Problem to work on
Some of the lines below need repeating. Reproduce exactly those between the lines holding "Professional Beauty Care" and "SOMC1605-221/331G", inclusive.

Source records
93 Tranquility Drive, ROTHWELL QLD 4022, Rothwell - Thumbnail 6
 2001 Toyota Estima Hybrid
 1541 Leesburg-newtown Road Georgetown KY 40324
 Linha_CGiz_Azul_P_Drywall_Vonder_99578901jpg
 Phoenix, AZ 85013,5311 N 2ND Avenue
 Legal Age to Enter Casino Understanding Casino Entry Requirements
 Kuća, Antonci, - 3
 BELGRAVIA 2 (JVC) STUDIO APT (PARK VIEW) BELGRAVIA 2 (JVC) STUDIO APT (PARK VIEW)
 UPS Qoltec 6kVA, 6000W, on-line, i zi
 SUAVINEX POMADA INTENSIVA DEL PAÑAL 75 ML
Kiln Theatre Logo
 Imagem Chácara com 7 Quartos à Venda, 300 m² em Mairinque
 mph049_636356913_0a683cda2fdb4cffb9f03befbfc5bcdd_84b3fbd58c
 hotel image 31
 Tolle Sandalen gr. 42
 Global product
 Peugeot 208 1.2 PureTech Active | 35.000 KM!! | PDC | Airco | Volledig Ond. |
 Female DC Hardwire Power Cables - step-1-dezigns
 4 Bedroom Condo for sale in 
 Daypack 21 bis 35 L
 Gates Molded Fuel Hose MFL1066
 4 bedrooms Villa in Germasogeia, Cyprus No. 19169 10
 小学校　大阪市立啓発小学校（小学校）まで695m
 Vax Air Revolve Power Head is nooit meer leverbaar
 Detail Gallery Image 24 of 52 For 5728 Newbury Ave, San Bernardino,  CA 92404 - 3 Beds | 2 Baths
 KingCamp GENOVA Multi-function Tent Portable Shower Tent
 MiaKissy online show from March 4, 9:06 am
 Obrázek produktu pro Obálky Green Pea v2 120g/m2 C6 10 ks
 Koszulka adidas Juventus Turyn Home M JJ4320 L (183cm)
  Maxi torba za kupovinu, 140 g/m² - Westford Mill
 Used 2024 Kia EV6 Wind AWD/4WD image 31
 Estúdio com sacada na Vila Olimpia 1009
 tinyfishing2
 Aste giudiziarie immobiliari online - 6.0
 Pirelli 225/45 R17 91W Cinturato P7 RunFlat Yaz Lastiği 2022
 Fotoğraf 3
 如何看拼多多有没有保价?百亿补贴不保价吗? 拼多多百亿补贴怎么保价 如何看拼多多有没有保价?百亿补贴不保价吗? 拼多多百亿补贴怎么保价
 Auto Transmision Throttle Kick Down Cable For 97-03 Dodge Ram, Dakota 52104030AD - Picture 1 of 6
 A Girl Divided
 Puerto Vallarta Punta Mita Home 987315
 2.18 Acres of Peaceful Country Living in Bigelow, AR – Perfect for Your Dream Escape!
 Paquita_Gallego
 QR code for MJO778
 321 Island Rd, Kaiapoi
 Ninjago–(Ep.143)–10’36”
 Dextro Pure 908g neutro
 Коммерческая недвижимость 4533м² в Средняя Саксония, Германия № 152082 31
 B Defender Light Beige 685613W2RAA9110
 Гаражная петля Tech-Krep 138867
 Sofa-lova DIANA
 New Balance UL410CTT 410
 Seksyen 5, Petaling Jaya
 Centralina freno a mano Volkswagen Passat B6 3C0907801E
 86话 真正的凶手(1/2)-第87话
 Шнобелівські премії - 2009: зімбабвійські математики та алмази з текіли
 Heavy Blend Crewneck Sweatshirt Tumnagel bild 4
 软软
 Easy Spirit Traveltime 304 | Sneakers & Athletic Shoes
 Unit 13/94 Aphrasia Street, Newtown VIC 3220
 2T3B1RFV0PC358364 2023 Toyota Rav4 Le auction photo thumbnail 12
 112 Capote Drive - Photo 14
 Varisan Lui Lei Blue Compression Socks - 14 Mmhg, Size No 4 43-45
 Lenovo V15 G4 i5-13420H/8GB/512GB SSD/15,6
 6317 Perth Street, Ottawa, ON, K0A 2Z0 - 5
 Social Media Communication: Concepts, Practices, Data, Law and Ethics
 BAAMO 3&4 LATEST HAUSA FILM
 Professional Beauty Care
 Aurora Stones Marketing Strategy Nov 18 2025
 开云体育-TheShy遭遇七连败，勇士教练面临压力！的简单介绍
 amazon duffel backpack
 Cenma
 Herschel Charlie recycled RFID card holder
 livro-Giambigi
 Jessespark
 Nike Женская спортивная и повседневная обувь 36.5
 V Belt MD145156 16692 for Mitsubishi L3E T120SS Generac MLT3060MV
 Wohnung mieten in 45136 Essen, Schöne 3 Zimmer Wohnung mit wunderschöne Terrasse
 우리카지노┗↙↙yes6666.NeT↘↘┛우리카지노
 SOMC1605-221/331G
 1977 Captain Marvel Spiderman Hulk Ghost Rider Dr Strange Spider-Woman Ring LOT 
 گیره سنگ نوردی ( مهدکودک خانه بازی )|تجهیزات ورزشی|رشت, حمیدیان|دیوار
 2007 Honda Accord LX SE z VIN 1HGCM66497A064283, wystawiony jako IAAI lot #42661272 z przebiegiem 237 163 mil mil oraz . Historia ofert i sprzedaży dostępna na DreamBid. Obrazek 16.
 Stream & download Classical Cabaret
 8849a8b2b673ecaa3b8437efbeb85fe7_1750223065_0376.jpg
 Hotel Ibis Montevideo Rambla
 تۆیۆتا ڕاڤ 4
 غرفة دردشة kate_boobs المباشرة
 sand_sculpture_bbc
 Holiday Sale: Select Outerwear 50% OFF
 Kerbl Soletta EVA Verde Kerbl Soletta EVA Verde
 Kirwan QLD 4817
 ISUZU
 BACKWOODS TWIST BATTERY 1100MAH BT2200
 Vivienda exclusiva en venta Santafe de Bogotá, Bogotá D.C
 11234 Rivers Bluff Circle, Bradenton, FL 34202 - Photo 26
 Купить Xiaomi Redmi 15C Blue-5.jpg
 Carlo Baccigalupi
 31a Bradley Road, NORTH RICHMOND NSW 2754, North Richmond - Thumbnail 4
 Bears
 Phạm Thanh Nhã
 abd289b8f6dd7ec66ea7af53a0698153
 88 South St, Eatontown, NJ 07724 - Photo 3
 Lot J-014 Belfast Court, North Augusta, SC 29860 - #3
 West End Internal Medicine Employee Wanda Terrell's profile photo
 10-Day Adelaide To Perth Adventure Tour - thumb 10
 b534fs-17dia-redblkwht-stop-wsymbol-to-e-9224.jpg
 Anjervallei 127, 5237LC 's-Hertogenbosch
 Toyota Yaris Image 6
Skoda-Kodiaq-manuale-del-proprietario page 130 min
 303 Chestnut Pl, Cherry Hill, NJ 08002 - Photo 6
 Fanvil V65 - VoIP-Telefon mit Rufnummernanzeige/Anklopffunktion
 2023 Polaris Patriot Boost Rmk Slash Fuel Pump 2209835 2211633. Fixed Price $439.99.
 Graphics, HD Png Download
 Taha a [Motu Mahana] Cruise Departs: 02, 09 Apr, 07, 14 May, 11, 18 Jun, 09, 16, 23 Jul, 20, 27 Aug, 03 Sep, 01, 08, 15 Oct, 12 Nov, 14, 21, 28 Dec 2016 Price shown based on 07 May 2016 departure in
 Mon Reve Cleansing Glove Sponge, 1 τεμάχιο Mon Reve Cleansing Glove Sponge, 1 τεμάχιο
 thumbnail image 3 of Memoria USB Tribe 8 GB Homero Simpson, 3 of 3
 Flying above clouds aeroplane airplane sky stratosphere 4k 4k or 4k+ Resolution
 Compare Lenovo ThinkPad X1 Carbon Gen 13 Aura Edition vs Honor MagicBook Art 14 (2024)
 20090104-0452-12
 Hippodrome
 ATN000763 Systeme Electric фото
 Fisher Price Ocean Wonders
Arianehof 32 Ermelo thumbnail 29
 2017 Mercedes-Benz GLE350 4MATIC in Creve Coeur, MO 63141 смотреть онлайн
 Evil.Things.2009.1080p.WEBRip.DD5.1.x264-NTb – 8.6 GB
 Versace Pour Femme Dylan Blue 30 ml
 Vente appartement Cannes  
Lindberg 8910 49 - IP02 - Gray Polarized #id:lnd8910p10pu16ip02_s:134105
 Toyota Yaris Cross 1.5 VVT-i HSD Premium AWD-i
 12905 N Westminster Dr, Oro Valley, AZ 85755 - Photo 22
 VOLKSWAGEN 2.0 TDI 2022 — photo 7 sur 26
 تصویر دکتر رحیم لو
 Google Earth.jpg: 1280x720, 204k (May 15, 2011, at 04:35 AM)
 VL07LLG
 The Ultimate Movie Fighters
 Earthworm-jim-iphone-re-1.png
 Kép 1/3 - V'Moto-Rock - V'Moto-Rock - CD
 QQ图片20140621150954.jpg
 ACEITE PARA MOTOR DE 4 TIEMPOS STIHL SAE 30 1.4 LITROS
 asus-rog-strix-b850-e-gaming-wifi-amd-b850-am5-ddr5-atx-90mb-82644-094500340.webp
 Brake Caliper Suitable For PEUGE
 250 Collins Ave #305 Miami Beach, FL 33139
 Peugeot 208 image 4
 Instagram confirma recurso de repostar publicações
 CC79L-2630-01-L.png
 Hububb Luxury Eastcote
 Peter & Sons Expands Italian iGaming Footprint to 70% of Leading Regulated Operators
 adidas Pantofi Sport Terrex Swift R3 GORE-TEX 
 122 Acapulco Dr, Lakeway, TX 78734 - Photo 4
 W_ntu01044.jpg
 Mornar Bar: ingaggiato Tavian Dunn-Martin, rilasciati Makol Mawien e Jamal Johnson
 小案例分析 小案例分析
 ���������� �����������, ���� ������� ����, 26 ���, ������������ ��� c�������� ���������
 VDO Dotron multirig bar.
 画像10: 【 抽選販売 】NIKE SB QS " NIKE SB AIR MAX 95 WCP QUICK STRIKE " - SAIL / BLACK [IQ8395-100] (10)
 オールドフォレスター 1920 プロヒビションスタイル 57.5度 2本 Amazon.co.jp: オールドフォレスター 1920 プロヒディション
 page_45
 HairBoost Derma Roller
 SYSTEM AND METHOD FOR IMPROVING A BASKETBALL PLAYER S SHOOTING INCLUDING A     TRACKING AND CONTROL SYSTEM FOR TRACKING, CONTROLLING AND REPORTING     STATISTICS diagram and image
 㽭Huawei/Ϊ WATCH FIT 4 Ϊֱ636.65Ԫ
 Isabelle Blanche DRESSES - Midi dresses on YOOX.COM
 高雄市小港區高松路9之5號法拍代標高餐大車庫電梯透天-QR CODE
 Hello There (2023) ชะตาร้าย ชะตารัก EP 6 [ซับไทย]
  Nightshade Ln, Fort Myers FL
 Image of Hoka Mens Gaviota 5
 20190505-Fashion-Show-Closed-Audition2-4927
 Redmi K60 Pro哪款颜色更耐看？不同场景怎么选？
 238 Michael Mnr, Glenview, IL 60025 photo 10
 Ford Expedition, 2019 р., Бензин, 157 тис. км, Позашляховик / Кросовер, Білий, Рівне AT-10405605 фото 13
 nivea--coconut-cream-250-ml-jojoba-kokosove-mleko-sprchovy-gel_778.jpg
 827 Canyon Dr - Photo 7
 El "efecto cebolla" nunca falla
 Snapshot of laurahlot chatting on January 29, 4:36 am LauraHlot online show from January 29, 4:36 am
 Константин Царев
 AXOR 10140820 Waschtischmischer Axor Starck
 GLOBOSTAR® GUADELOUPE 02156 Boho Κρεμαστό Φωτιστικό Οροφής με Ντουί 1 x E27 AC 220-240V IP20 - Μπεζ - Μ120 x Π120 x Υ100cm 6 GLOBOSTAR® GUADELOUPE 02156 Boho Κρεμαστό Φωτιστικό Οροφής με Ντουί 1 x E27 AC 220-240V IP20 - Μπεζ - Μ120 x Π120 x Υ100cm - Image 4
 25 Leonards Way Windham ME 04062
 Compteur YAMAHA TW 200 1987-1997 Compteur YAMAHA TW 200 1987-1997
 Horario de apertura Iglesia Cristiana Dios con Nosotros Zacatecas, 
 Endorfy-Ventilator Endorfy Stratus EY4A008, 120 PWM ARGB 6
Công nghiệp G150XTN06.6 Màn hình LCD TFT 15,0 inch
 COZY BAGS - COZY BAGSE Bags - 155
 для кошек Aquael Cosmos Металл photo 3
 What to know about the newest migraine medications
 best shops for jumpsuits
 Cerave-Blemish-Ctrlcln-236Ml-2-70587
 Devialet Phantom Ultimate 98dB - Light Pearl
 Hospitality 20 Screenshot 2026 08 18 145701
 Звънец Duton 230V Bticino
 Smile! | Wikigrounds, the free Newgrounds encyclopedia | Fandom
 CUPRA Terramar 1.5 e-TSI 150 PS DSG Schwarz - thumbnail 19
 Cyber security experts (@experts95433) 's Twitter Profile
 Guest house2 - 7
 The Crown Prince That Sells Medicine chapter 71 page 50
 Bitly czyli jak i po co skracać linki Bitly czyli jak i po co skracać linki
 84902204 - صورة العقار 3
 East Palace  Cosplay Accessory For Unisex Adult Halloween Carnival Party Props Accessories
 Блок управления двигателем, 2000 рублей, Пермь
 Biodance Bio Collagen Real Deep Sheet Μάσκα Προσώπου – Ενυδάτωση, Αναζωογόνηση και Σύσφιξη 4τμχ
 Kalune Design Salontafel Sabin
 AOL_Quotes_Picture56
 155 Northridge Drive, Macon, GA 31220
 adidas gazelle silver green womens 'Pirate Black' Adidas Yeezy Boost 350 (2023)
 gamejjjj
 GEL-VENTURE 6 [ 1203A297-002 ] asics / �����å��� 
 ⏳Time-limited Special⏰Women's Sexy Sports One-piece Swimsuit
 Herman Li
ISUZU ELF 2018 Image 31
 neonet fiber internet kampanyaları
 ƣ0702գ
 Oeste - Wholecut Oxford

The completed task
 Professional Beauty Care
 Aurora Stones Marketing Strategy Nov 18 2025
 开云体育-TheShy遭遇七连败，勇士教练面临压力！的简单介绍
 amazon duffel backpack
 Cenma
 Herschel Charlie recycled RFID card holder
 livro-Giambigi
 Jessespark
 Nike Женская спортивная и повседневная обувь 36.5
 V Belt MD145156 16692 for Mitsubishi L3E T120SS Generac MLT3060MV
 Wohnung mieten in 45136 Essen, Schöne 3 Zimmer Wohnung mit wunderschöne Terrasse
 우리카지노┗↙↙yes6666.NeT↘↘┛우리카지노
 SOMC1605-221/331G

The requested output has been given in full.